Go through the listing below and write out exactly the lines from the one that mentions "544 W Falls" through the one that mentions "20 Fairfield Drive Tinton Falls, NJ 07724", minus the pictures.

DATA FOR THIS TASK:
= Beginning of Section =
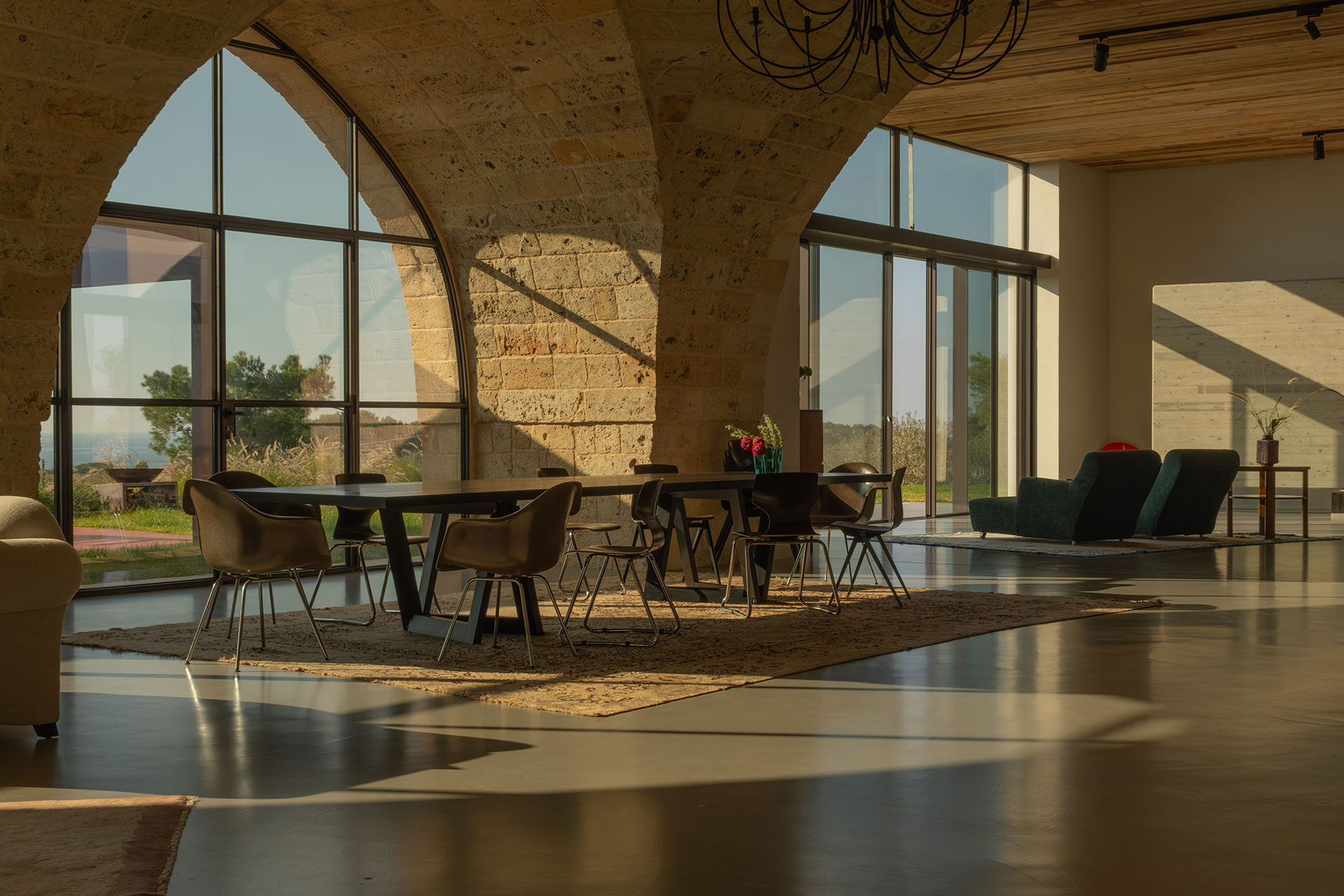salon murs de pierre baie vitrée cintrée décoration design maison dans les Pouilles masseria Li Cafari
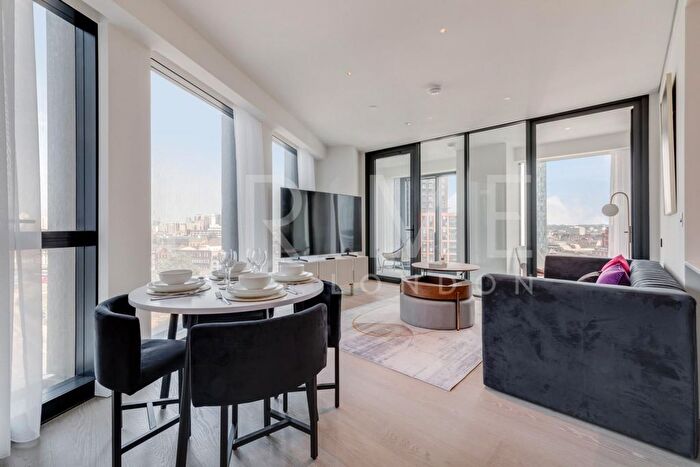 2 Bedroom Flat To Rent In River Park Tower, Nine Elms Lane, Nine Elms, SW8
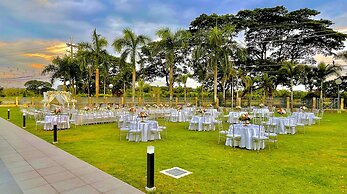 Luisita Central Park Hotel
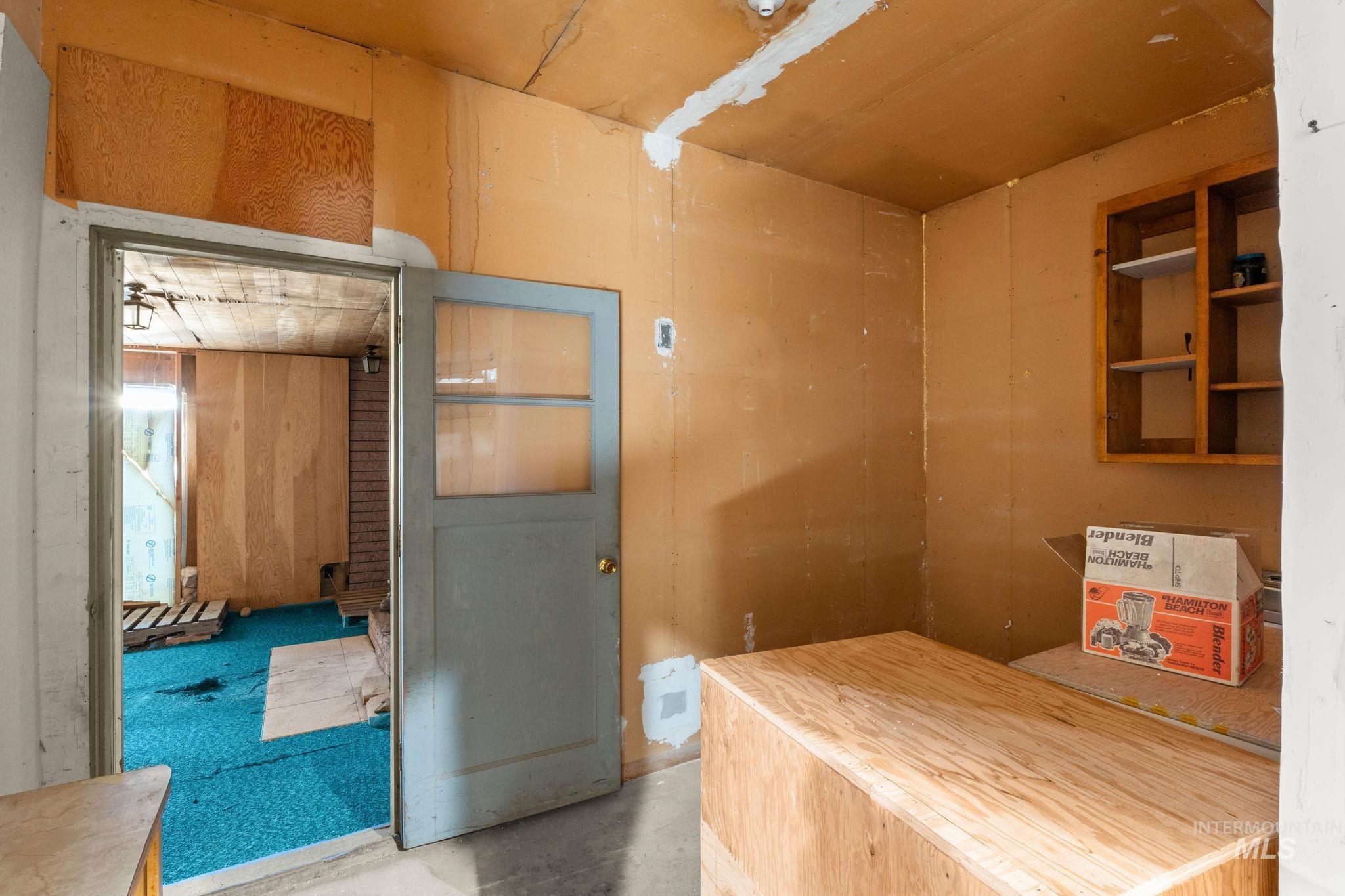 544 W Falls Ave, Twin Falls, Idaho 83301, 4 Bedrooms, 2 Bathrooms, Residential For Sale, Price $20,000,MLS 98973708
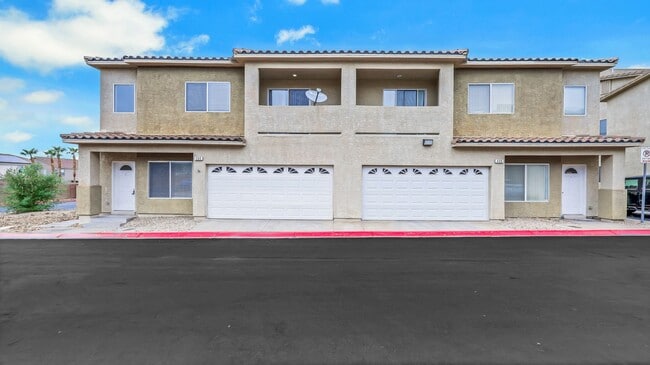 Building Photo - Fully rehabbed 3 bedroom Townhouse with 2 ...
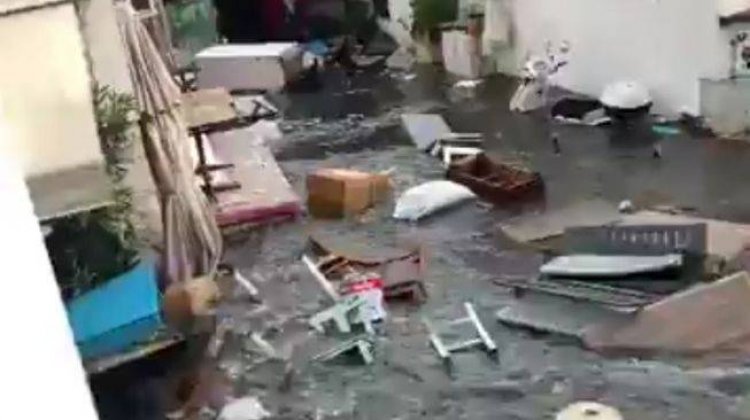 Gempa 7 Magnitudo, Tsunami Terjang Aegea Turki, Warga Panik, Kota Porak-poranda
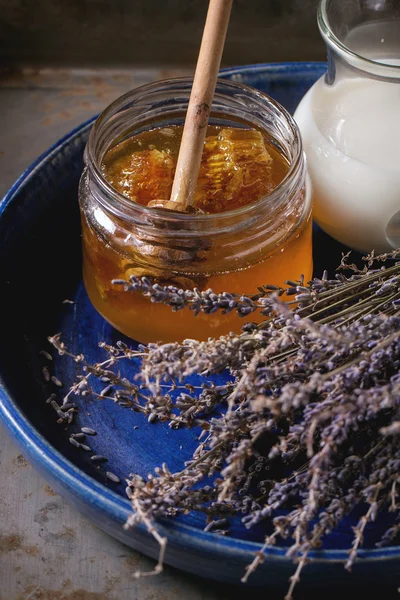 Mel, leite e lavanda — Fotografia de Stock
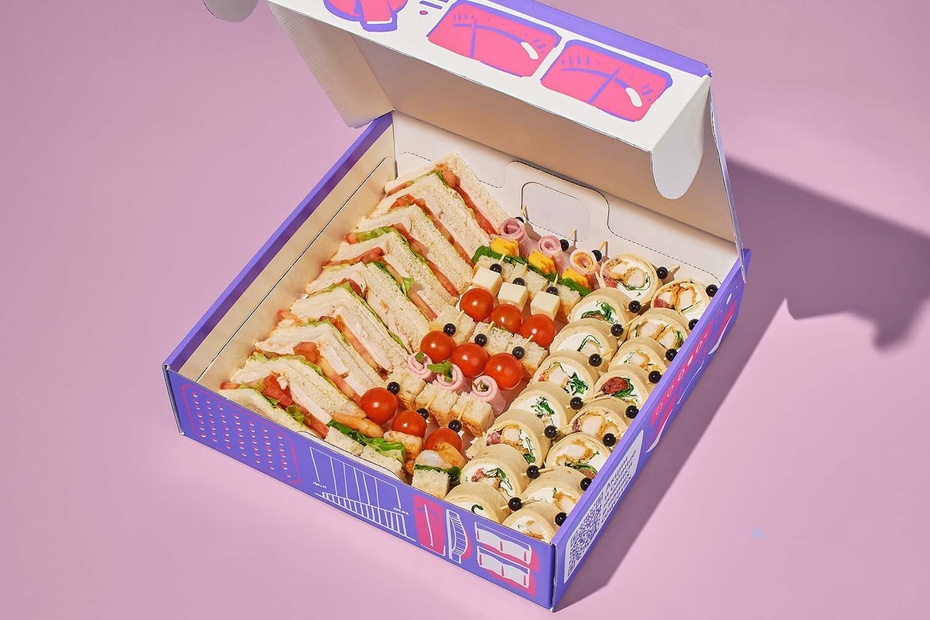 Бокс Канапе ассорти, сэндвичи и рулетики - Достаевский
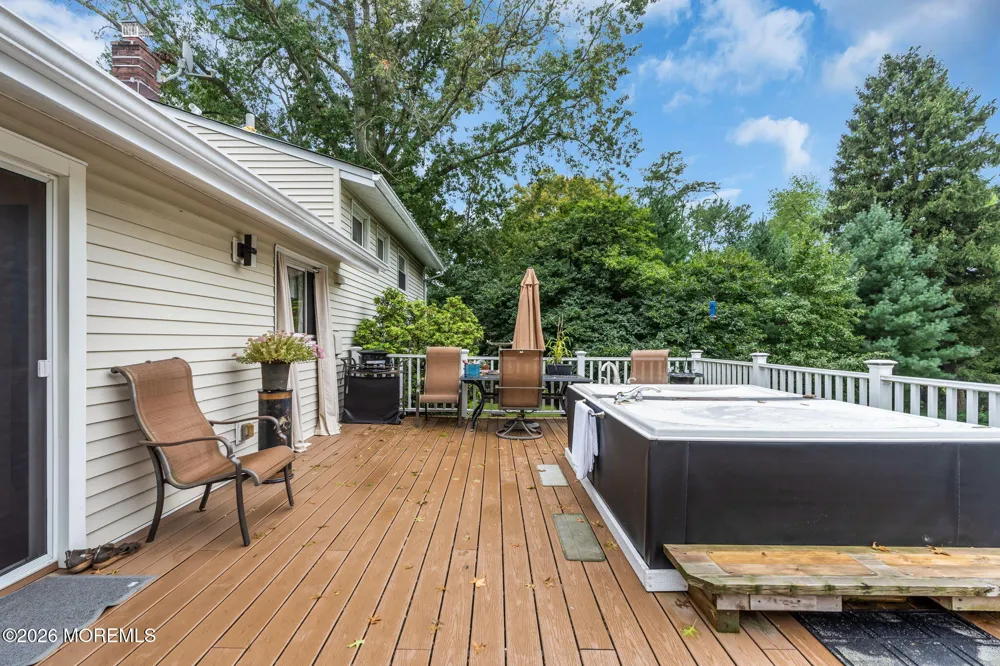 20 Fairfield Drive Tinton Falls, NJ 07724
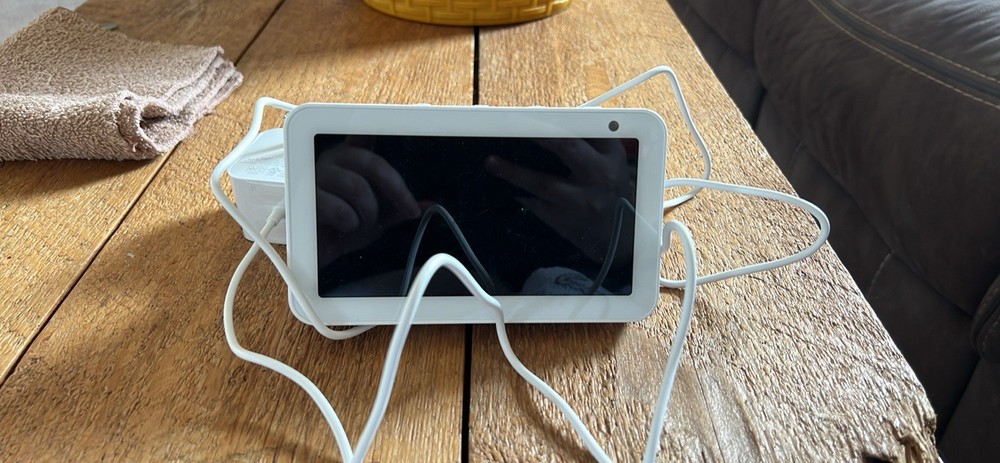 Amazon Echo Show 5 Wireless Smart Display Alexa White with Power Cable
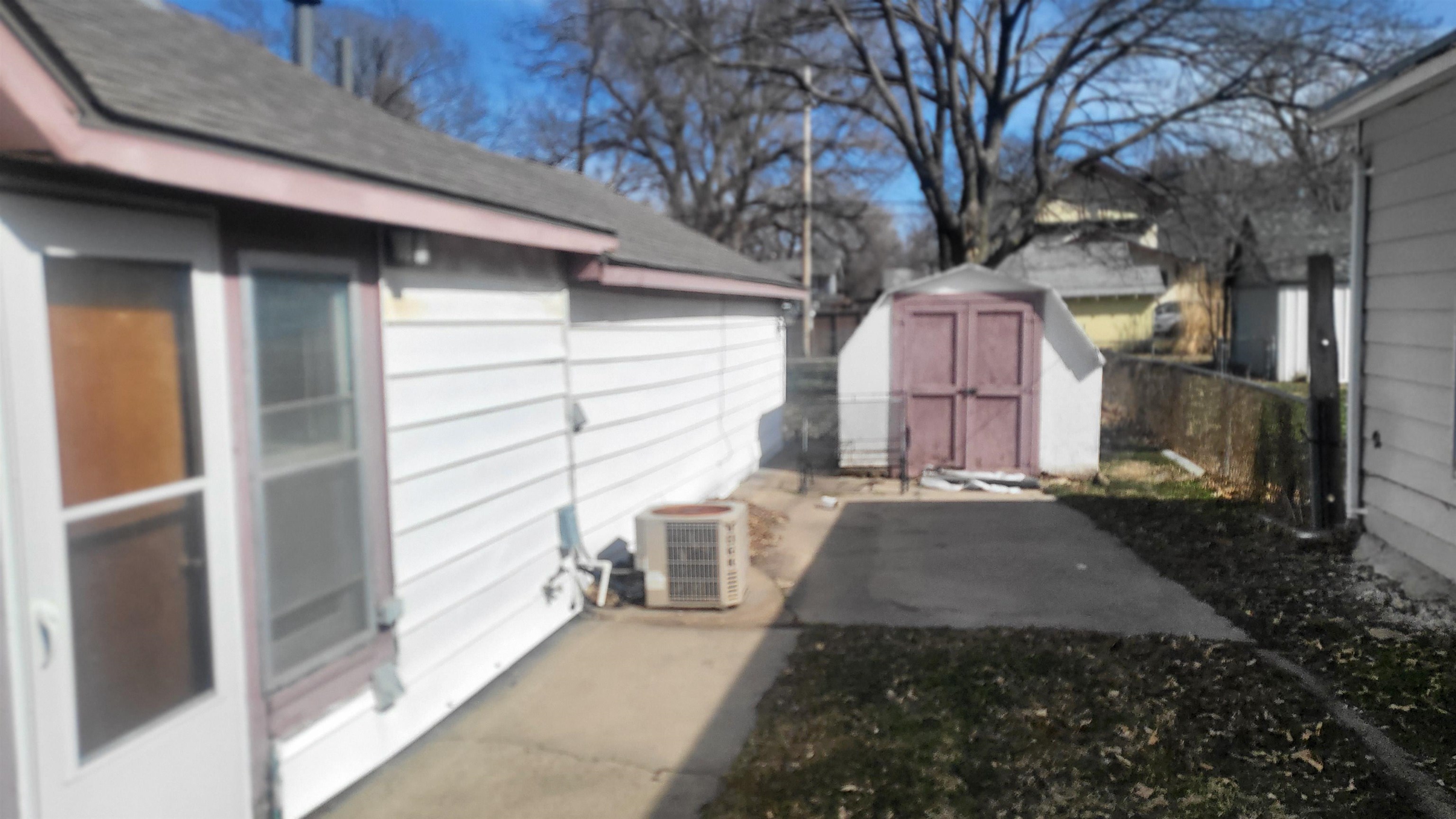 906 N Walnut Mcpherson KS 67460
= End of Section =
ANSWER TO THE EXERCISE:
 544 W Falls Ave, Twin Falls, Idaho 83301, 4 Bedrooms, 2 Bathrooms, Residential For Sale, Price $20,000,MLS 98973708
 Building Photo - Fully rehabbed 3 bedroom Townhouse with 2 ...
 Gempa 7 Magnitudo, Tsunami Terjang Aegea Turki, Warga Panik, Kota Porak-poranda
 Mel, leite e lavanda — Fotografia de Stock
 Бокс Канапе ассорти, сэндвичи и рулетики - Достаевский
 20 Fairfield Drive Tinton Falls, NJ 07724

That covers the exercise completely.